New study uncovers role of microglia in multiple sclerosis lesions

Recent research has shed light on the initial stages of lesion development in multiple sclerosis (MS), revealing the involvement of small clusters of immune cells known as microglia. Scientists are delving into the mechanisms by which these microglial clusters may progress into MS lesions, aiming to identify new therapeutic targets for combating the disease.

In MS, inflammation within the brain and spinal cord results in areas of damaged nerve tissue, characterised by lesions. However, the precise process underlying lesion formation remains incompletely understood.

Microglia, the resident immune cells of the brain, play crucial roles in brain defence and maintenance by combating infections and clearing molecular debris. Notably, in MS patients, microglia sometimes aggregate into abnormal clusters called microglia nodules. While these nodules have been observed for decades, their significance in lesion development has been unclear.

Previous theories proposing microglia nodules as early indicators of lesion formation faced scepticism due to their presence in other neurological disorders like stroke, which lack lesion formation. Thus, understanding the distinctions between microglia nodules in MS and those in other conditions is crucial.

To investigate further, scientists analysed brain samples from MS patients and individuals who had had a stroke. They found that MS patients with microglia nodules exhibited more lesions and signs of active inflammation compared to those without nodules.

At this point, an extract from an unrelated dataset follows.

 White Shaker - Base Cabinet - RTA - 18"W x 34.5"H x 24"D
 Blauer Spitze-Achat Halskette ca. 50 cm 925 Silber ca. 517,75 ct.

Comparative analysis revealed differences between microglia nodules in MS and stroke cases. Microglia nodules in MS showed increased expression of inflammatory genes associated with MS lesions, as well as a more inflamed microenvironment. Moreover, a significant proportion of microglia nodules in MS brains were located near nerve fibres with damaged myelin, the fatty sheath surrounding nerve fibres.

The study suggests that activated microglia, triggered by the breakdown of myelin and inflammatory signals from other immune cells, contribute to tissue damage, potentially initiating lesion formation in MS.

These findings indicate that some microglia nodules may serve as sites for lesion initiation in MS, presenting a promising target for therapeutic interventions aimed at preventing early demyelination and lesion formation.

The study underscores the importance of understanding microglia’s role in MS pathology and highlights potential avenues for developing targeted treatments to mitigate disease progression.